ちょっと奥さん、聞いてよ

日々の出来事を小説風に記録。社会の端っこで息をひそめる人間の物語。ここだけは自分が主役。

悪くない日の夜の気分

風呂上りに自室へ戻るマガルの足取りは、いつもよりも軽やかで弾むように歩いていた。

いつもより少しだけ鼻の穴が広がり、意気揚々としている。

 

何か特別な良いことがあったというよりは、何も悪いことがなかったという言葉が一番ピッタリくる表現だと思う。

今日は今年初めて一度も仕事をしなかった日で、読みたかった本をたくさん読めた日で、好きな友達とごはんに行けた日で、一般的に見れば普通なのかもしれないけど、小さな幸せの一つ一つをマガルは噛み締めていた。

 

コップにビールを注ぎながらその音を楽しむ。

コッコッコッと小気味いい音を立ててコップに金色が満たされていく。

コップの中で液体は金色と白色の二層に分かれていて、段々と白色が侵食し始める。

ここだ、というところで注ぐ手を止めると、白色の勢いが弱まり、続いて泡のはじける音が耳をなでてくる。
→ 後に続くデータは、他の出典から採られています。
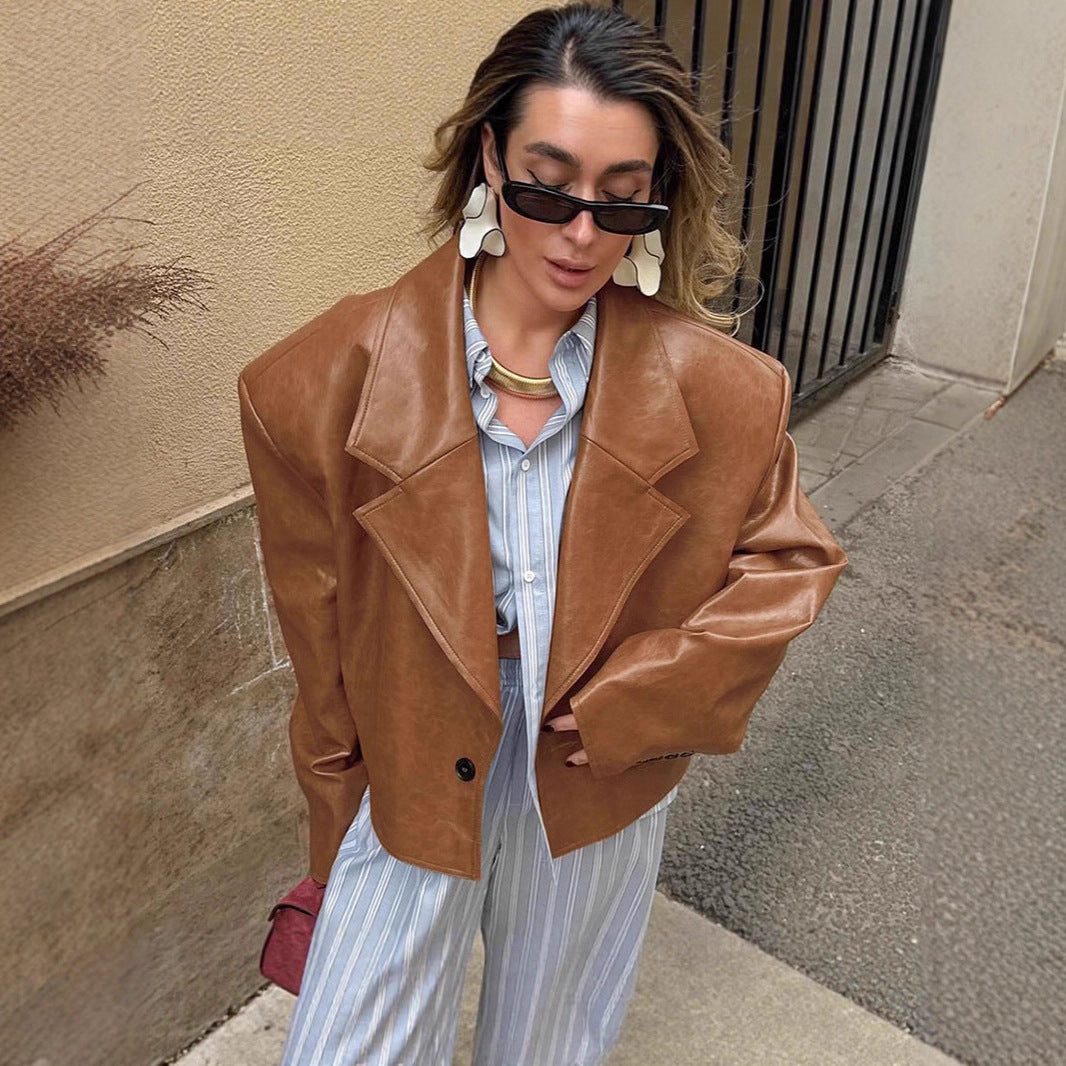 Damen kurze Lederjacke im stilvollen Blazer-Look Drune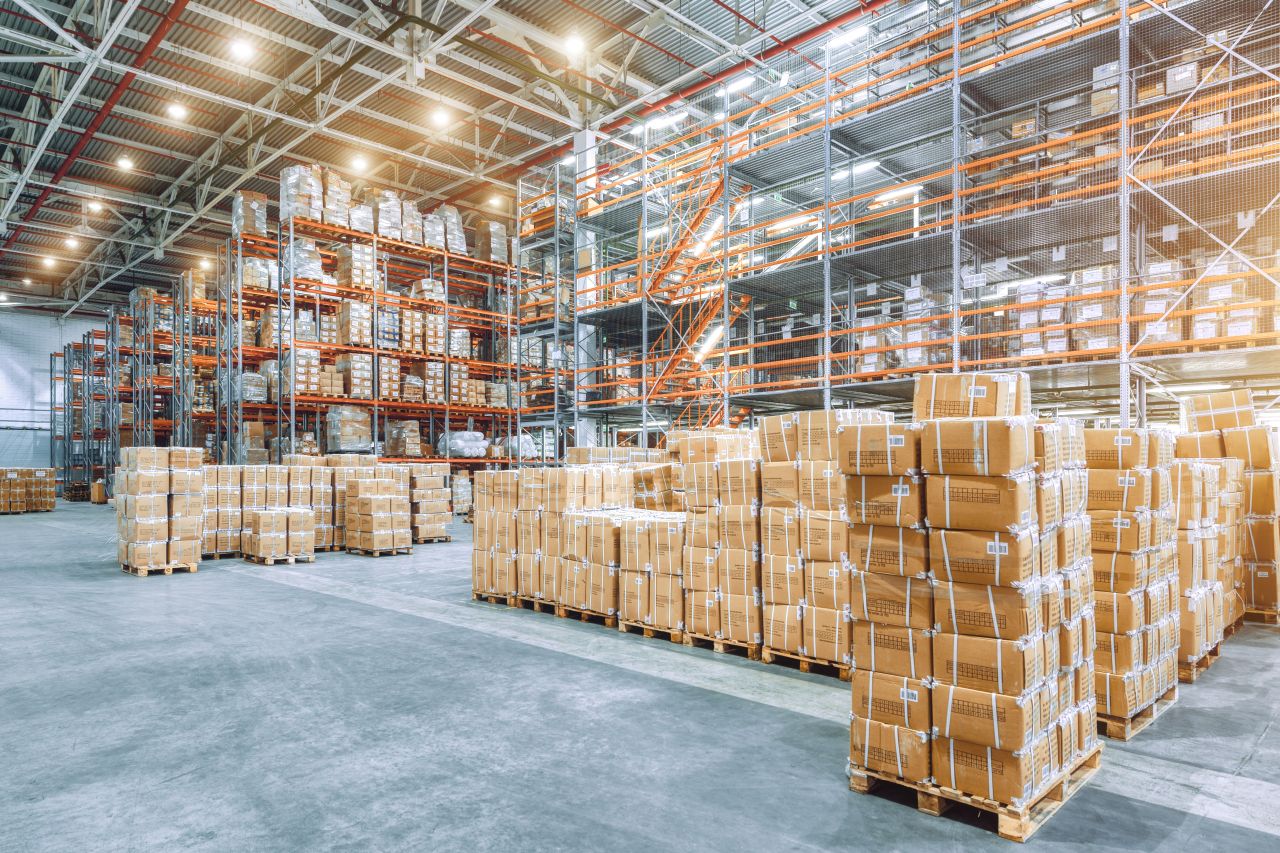 Jak sprawnie przeprowadzać przyjęcie towaru w branży logistycznej?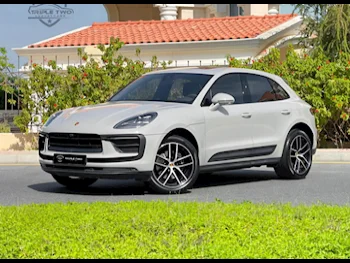 Porsche  Macan  2022  Automatic  23٬500 Km  4 Cylinder  Four Wheel Drive (4WD)  SUV  Gray Nardo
マガルはまだ白色の泡が勢力を保っているうちに口元へ運び込む。

ぐっと勢いをつけて飲み込むと、喉が一気に熱を持ち、次第に胃を冷やしていく。

昔祖父から「ビールは喉で飲むもんだ」と言われていたが、当時は意味が分からずただ頷くだけだった。

今その感覚を理解できていることと、それを楽しめている自分がいるということは少なからず大人になれているということだろうか。

 

マガルにとって今日は『普通』を楽しめる一日だった。